1. Inadequate washing of red cells result in neutralization of the antiglobulin serum by trace amounts of residual globulin.

2. Contamination with human serum will neutralize the reagent.

3. Elution of antibody from the red cells may take place if the test is interrupted or delayed, particularly during the washing phase.

4. The optimum temperature for reactivity of the antibody must be maintained during incubation to achieve maximal coating of the cells.

5. A cell suspension that is too heavy will not permit optimum coating with the antibody; if too weak, reading agglutination may be difficult. A 2% to 5% suspension of RBC is preferred.

6. Test cells, test serum and antiglobulin serum lose reactivity if improperly stored.

7. Some antibodies may be detected only in the presence of active complement. Anticoagulants such as EDTA will chelate calcium, preventing activation of complement. Thus, the use of plasma rather than serum may lead to a false negative reaction. Old serum will also have impaired complement activity.

8. A prozone reaction should not be a problem with licensed products. Standardization is done by the manufacturer and his directions for the test must be followed.

9.  Antiglobulin serum may have been omitted.

10.  Undercentrifugation or overcentrifugation.

11.  Insufficient incubation time.

12.  Failure to check negative reactions, microscopically.

B. False positive results

1. Cells have a positive direct antiglobulin test cannot be used with reagent antiserum that require an antiglobulin phase, because all such cells will be agglutinated by the antiglobulin serum.

2.  Bacterial contamination of test cells or septicemia.

3. Extreme reticulocytosis because of transfusion bound to reticulocytes reacting with antitransferrin in the globulin reagent.

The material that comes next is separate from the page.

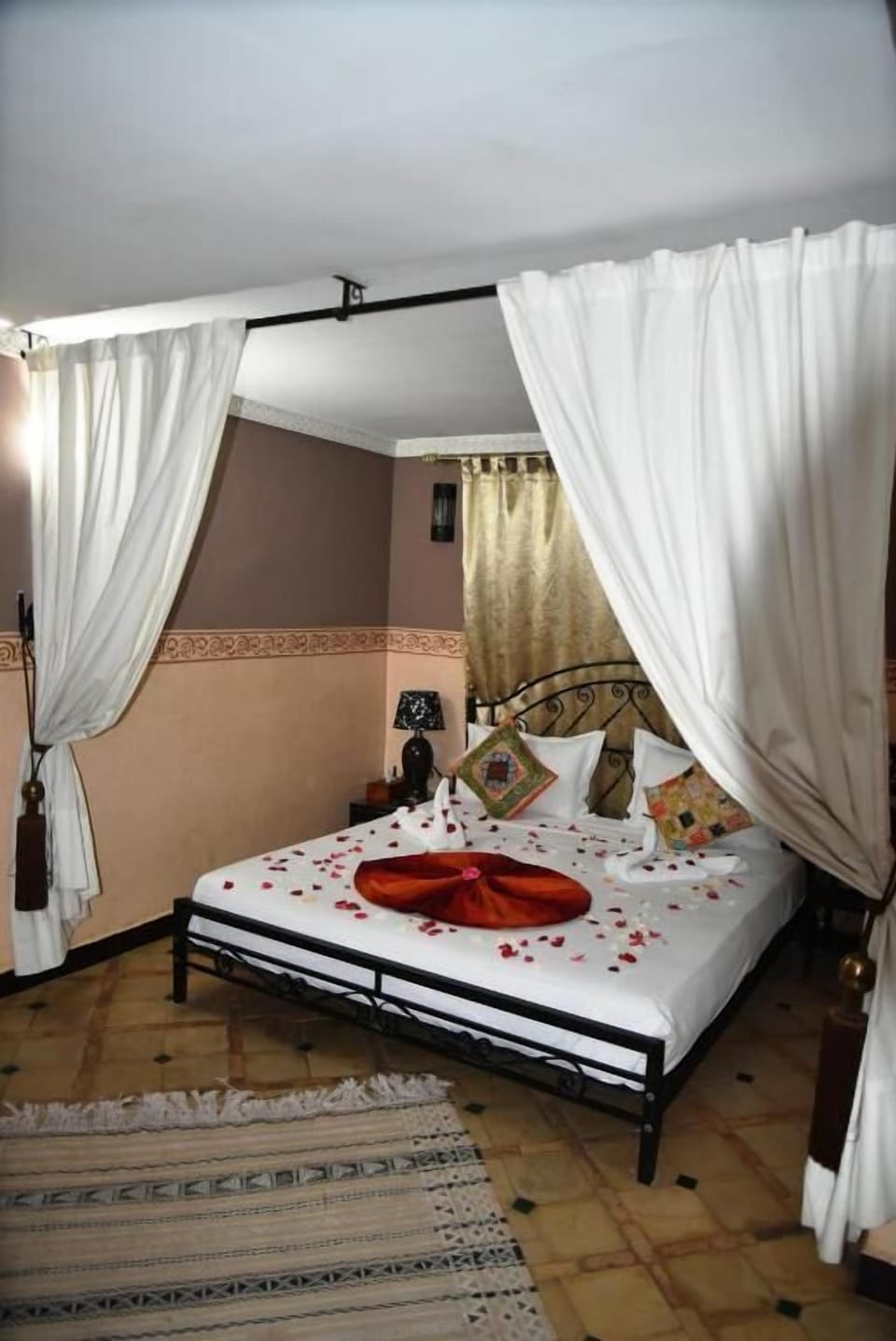 Comfort Double Room, 1 King Bed | In-room safe, iron/ironing board, free WiFi, bed sheets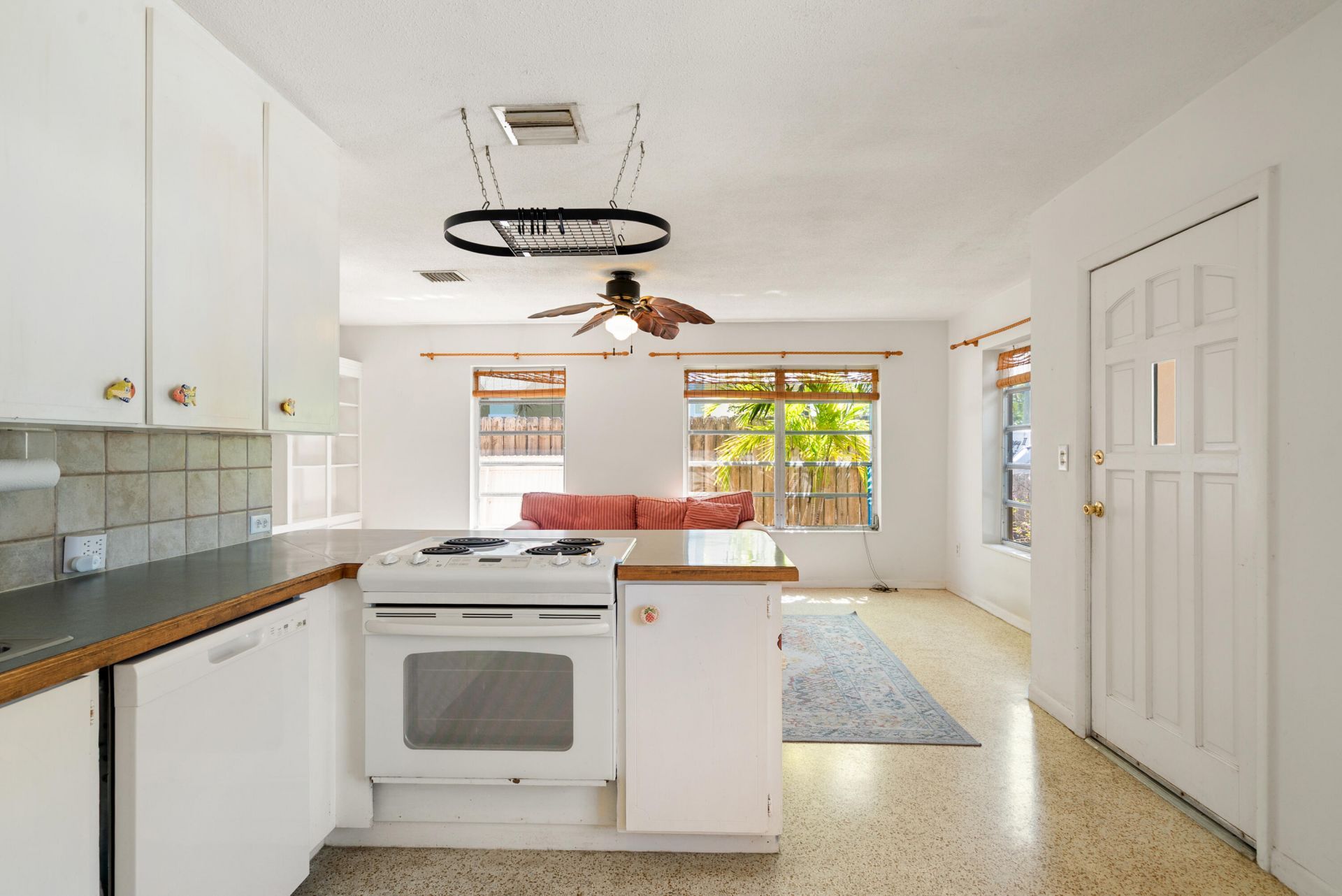 56 SE Marlin Avenue, Key Largo, FL 33037 Photo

4. Saline stored in glass bottle may contain colloidal silica leached from the container.

5. Saline stored in metal containers or used in equipment with metal parts, may contain metallic ions which may bring about nonspecific protein–coating of the red cells.

6. Improperly prepared antiglobulin serum may contain traces of species specific antibodies.

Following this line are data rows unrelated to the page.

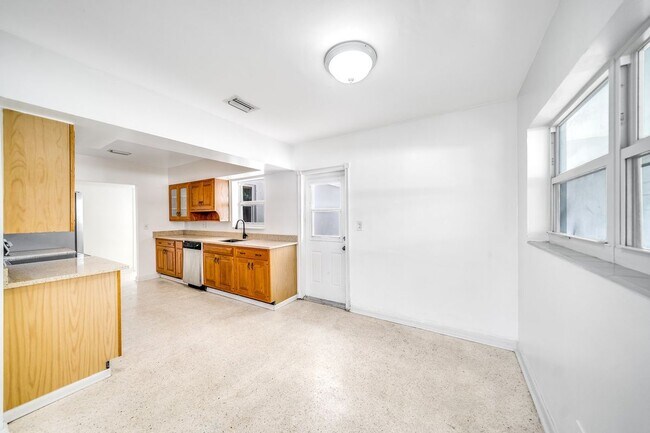 Building Photo - 209 SW 18th Ave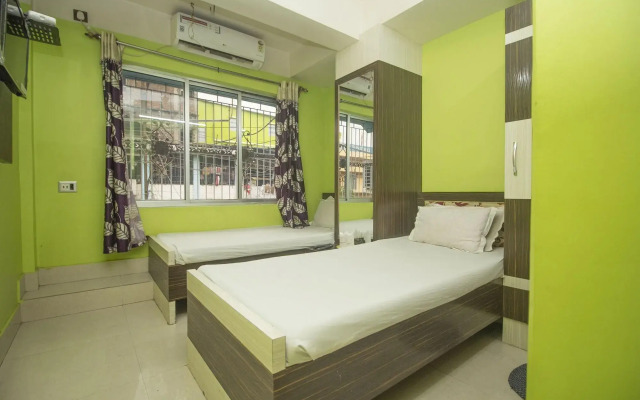 Hotel Sarojini Palace by OYO Rooms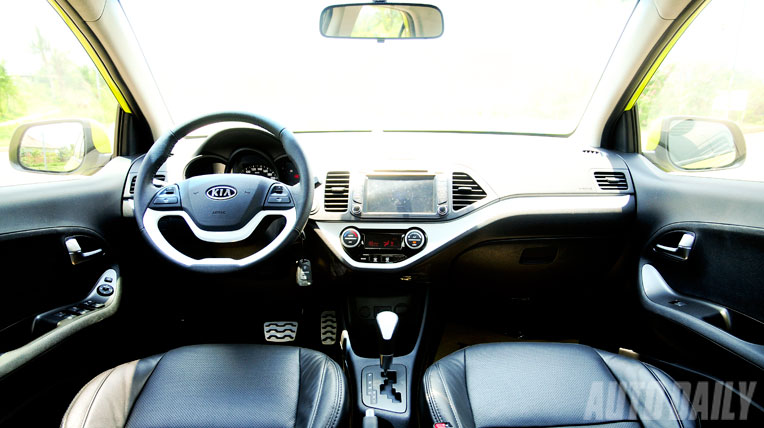 KIA Morning và Hyundai Grand i10: So tài 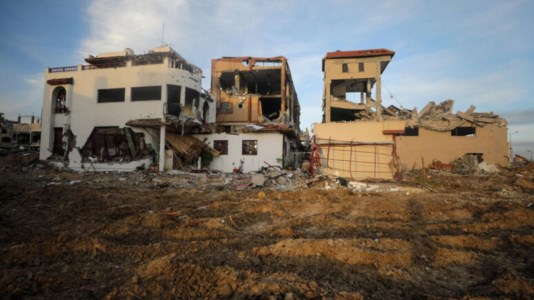 Guerra in Medio OrienteGaza, almeno 12 morti in un raid israeliano in un campo profughi a Nuseirat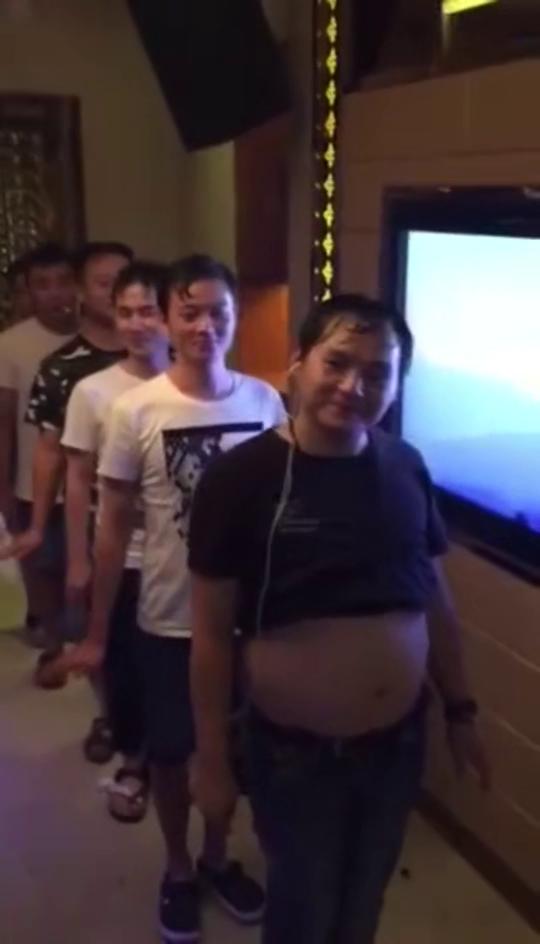 男人KTV的歌词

7. When all the antiglobulin tests are weakly positive, the cause may be improperly cleaned glasswares or other forms of contamination.

8. Overcentrifugation.

9. Patient’s or donor’s serum contain a naturally occurring cold autoantibody that can sensitize their own or other complement

10. Red blood cells may be autoagglutinated before they are washed, and this agglutination may persist through washing leading to a false positive reaction when antiglobulin serum is added.